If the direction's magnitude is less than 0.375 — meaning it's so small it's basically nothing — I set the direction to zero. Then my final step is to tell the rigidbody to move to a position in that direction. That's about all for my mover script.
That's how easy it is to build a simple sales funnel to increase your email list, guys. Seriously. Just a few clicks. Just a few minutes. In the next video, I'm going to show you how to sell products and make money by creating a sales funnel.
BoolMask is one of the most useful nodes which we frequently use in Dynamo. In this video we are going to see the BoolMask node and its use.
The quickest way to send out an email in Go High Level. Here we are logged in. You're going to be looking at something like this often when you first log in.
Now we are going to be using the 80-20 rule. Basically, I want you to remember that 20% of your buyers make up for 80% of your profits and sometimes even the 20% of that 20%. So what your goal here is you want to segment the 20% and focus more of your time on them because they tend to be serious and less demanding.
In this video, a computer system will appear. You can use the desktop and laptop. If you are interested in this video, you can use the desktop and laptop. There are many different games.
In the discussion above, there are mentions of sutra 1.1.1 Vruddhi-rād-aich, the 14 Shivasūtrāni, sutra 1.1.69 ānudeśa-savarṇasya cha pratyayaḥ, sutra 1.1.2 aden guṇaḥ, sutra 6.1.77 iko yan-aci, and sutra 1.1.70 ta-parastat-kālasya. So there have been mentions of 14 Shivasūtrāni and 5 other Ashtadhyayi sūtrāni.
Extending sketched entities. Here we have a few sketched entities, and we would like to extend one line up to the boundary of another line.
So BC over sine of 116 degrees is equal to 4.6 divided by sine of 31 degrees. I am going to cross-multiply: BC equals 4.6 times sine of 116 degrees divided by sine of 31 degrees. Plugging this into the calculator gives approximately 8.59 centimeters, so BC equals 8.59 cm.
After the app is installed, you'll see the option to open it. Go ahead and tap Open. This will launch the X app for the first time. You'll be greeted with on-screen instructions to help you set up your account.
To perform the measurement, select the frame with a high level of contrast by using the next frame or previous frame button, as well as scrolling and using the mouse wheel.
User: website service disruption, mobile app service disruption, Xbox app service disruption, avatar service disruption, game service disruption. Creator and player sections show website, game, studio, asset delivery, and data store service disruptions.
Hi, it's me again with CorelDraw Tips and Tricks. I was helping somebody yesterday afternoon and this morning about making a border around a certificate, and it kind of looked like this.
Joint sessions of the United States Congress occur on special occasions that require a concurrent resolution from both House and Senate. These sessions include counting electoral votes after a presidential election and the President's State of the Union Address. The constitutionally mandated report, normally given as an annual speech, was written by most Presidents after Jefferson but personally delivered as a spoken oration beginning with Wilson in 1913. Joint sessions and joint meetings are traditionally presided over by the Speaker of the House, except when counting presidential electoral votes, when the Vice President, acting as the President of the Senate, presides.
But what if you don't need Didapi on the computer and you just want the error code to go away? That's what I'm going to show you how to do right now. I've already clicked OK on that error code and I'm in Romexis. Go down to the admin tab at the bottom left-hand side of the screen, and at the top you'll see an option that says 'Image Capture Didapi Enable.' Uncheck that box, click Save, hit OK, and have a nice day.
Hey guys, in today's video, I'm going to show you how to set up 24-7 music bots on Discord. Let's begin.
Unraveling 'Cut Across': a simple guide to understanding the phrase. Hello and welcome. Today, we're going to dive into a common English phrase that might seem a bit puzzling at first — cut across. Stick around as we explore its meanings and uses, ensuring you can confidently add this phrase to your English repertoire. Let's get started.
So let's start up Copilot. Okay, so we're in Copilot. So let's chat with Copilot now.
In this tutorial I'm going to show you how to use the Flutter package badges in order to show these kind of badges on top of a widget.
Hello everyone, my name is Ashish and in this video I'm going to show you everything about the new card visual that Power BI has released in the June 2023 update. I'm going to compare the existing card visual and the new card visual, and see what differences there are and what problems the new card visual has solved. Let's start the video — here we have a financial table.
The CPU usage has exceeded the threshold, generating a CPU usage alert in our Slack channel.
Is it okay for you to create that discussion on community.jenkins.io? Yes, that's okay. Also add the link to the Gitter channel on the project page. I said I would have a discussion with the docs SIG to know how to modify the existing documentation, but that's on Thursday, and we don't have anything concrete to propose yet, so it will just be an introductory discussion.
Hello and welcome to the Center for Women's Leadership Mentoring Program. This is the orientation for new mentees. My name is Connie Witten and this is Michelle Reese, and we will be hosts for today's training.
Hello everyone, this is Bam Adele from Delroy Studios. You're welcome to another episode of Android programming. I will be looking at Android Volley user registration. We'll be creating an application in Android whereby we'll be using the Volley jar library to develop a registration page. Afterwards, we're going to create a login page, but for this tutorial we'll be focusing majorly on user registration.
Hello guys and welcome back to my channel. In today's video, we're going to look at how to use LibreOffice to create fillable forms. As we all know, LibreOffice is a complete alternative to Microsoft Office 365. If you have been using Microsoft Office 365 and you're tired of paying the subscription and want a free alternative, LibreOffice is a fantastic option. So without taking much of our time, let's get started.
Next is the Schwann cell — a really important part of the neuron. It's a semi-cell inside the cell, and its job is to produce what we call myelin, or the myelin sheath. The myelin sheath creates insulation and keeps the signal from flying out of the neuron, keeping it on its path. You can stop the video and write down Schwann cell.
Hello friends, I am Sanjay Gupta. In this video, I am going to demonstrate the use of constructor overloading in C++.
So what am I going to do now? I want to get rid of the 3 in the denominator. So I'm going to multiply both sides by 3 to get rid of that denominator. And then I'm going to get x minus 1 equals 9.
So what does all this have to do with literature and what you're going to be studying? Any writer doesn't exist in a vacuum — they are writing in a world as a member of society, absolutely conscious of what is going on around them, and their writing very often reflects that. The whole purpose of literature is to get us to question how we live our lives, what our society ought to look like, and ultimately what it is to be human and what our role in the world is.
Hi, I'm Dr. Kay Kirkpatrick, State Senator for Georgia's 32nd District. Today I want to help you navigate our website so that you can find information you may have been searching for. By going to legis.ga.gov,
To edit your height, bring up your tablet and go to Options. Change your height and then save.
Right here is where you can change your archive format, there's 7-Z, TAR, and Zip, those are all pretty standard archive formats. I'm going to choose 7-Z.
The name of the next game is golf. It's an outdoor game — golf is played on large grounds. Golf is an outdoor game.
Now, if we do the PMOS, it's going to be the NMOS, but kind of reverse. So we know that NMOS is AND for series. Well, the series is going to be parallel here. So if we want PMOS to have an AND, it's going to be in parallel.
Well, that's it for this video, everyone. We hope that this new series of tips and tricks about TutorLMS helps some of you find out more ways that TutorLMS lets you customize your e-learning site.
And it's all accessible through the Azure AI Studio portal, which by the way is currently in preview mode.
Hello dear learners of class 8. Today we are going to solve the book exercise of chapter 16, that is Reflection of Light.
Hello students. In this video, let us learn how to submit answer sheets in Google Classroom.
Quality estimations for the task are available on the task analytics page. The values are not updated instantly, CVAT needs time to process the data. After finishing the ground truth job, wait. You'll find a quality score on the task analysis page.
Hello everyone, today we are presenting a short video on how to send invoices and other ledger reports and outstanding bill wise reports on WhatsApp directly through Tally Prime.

DIRECTIONS = Beginning at the top of the entries above, output each line exactly, and end with the line in which "In this video, a" appears.

RESPONSE AREA =
If the direction's magnitude is less than 0.375 — meaning it's so small it's basically nothing — I set the direction to zero. Then my final step is to tell the rigidbody to move to a position in that direction. That's about all for my mover script.
That's how easy it is to build a simple sales funnel to increase your email list, guys. Seriously. Just a few clicks. Just a few minutes. In the next video, I'm going to show you how to sell products and make money by creating a sales funnel.
BoolMask is one of the most useful nodes which we frequently use in Dynamo. In this video we are going to see the BoolMask node and its use.
The quickest way to send out an email in Go High Level. Here we are logged in. You're going to be looking at something like this often when you first log in.
Now we are going to be using the 80-20 rule. Basically, I want you to remember that 20% of your buyers make up for 80% of your profits and sometimes even the 20% of that 20%. So what your goal here is you want to segment the 20% and focus more of your time on them because they tend to be serious and less demanding.
In this video, a computer system will appear. You can use the desktop and laptop. If you are interested in this video, you can use the desktop and laptop. There are many different games.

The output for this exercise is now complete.